In August 2024, Grimheden’s office found that during an alleged pushback involving a Frontex-deployed Bulgarian vessel off the Greek island of Lesvos, neither the Greek authorities nor the Frontex crew reported the incident properly.
The FRO only learned of it when an NGO submitted a video of the incident filmed by migrants at sea as they were chased by a Greek coast guard vessel.
A string of similar reports by the FRO since Leijtens took charge shows Frontex officers are still regularly failing to report pushbacks and other abuses to HQ in Warsaw or, in the case of operations in Bulgaria, are being intimidated by their Bulgarian counterparts into keeping quiet.
It is not enough merely to be present, said Toscano.
“Has Frontex’s presence over the past two years truly reduced violations of fundamental rights? Unfortunately, reports of violence, pushbacks, and mistreatment, including towards children, as repeatedly documented by Save the Children, persist at the borders where Frontex operates,” Toscano said. “I’m certainly not blaming Leijtens directly for this. He has made some efforts to improve oversight, but it is difficult to say that the agency’s presence has made a difference.”
Asked if he expects his officers to intervene when confronted with human rights abuses, Leijtens told Solomon: “I would expect that if someone sees something happening that is not according to standard that they act.”
In the heat of the moment, however, doing so “is not easy”, he said. “I also try to envision how I would do it. To be very frank with you, I cannot say right now I would intervene.”

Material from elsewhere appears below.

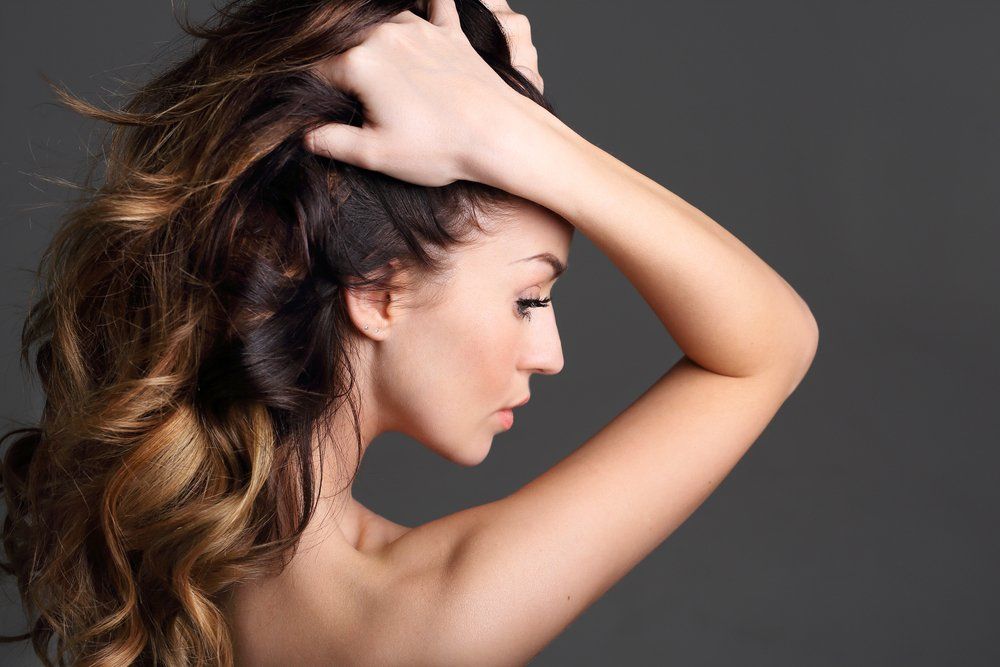 Eine Frau mit langen Haaren berührt ihr Haar mit der Hand.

“I don’t want to be very ivory-tower smart about this,” Leijtens said. “It is difficult. I expect them to step up… At least what I want them to do is report, to let us know what happened. That’s the least.”
Doomed to fail?
Shortly after taking up his post, Leijtens vowed “there is nothing secret about Frontex”, reflecting a widely-held view that the agency’s record on transparency had to improve post-Leggeri.
Frontex, however, has refused a Freedom of Information request submitted by Solomon for details of a formal opinion issued by Grimheden in January 2024 concerning “underreporting and protecting reporting persons”. It also withheld a June 2024 opinion by Grimheden on Bulgaria.

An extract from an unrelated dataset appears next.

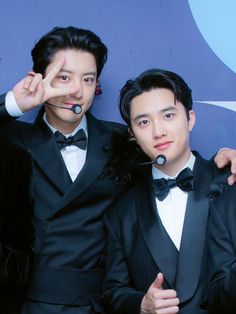 three young men in tuxedos posing for a photo with their headsets on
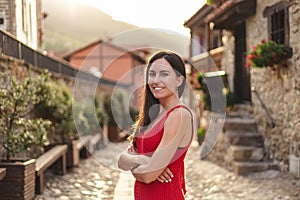 Portrait of young hispanic woman standing with crossed arms. She is in a rural town during sunset.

When BIRN complained, the then European Ombudsperson, Emily O’Reilly, faulted Frontex for “maladministration” in refusing access to the documents. Its justification for non-disclosure, she said, was at “odds with a culture of openness”.

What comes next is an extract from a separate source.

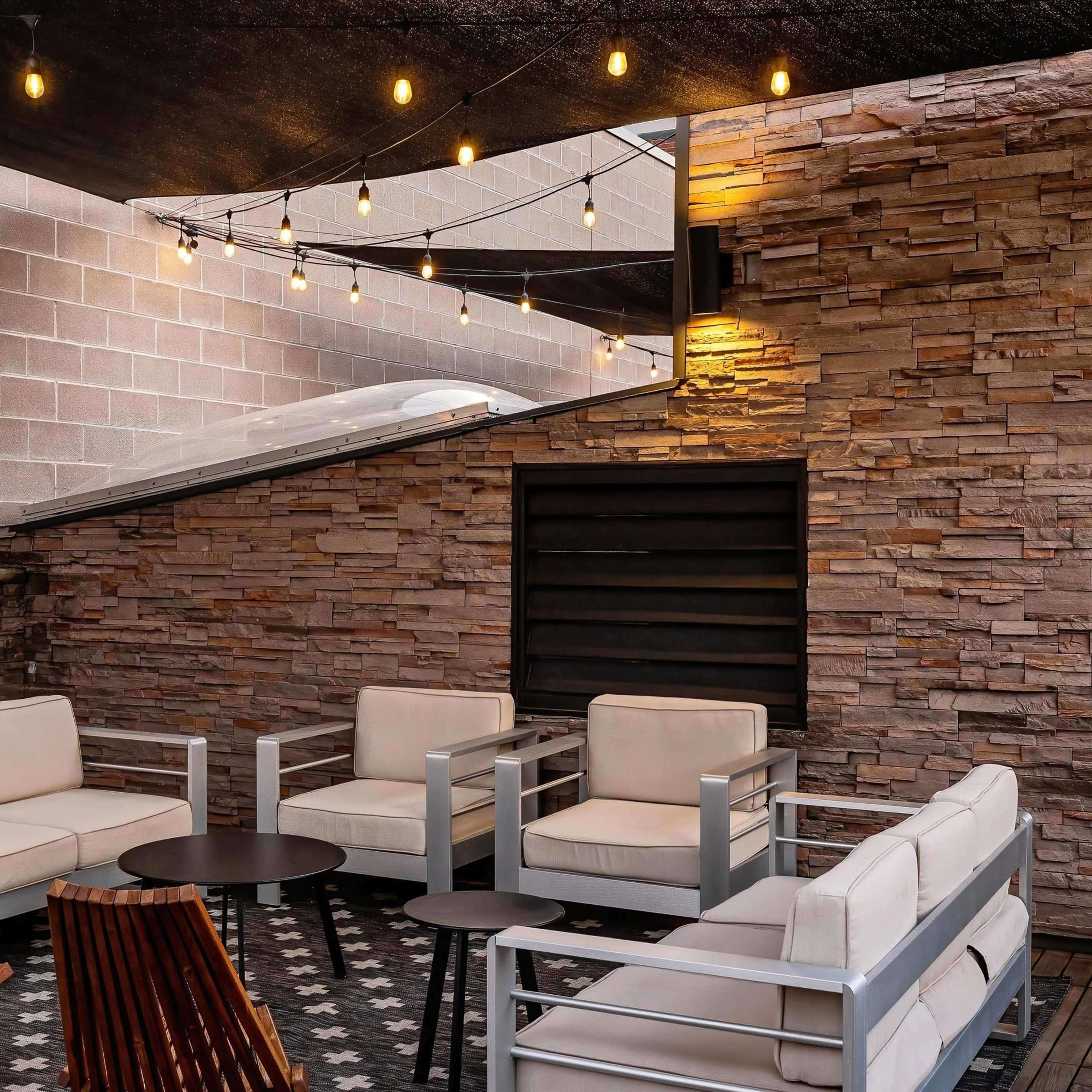 A modern outdoor lounge area featuring beige sofas, a wooden chair, a circular table, and string lights above, set against a stone wall backdrop.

A similar wall of secrecy surrounds a host of documents requested by Solomon via FOI requests concerning Leijtens’s exchanges with Greek authorities, his deliberations with Grimheden, minutes of Frontex’s management board meetings and mission reports by FRO monitors deployed to Bulgaria.
Ultimately, Leijtens’s success depends on the cooperation of member states and the degree to which the Commission, the EU’s executive arm, has his back.
Toscano said it was naive to think that boots on the ground would be enough to deter national police forces from robbing and beating would-be asylum seekers, or pushing them back over borders.
“You can have eyes and ears, but if you don’t have a mouth, what is the impact?” she asked. “In the sense that the agency has the potential to hold countries accountable for fundamental rights, but so far, that potential remains largely unrealised.”
In the end, some critics say Leijtens is doomed to fail so long as Europe’s leaders maintain a hard line on migration. Pushbacks might be illegal and ugly, but it is no exaggeration to say that some EU member states consider them necessary.
“Leitjens is committed to the law but he inherited a poisoned chalice,” said Sophie in ‘t Veld, a compatriot of the Frontex boss and who spent years scrutinising the agency’s work as a member of the European Parliament until 2024 and is now a member of the pro-European political movement Volt.
“As European leaders are preoccupied with being tough on migration, Leijtens has no leverage to really push member states on fundamental rights,” she said. “And lawlessness and impunity continues at Europe’s external borders.”
This investigation was led by BIRN in collaboration with Solomon and Pointer.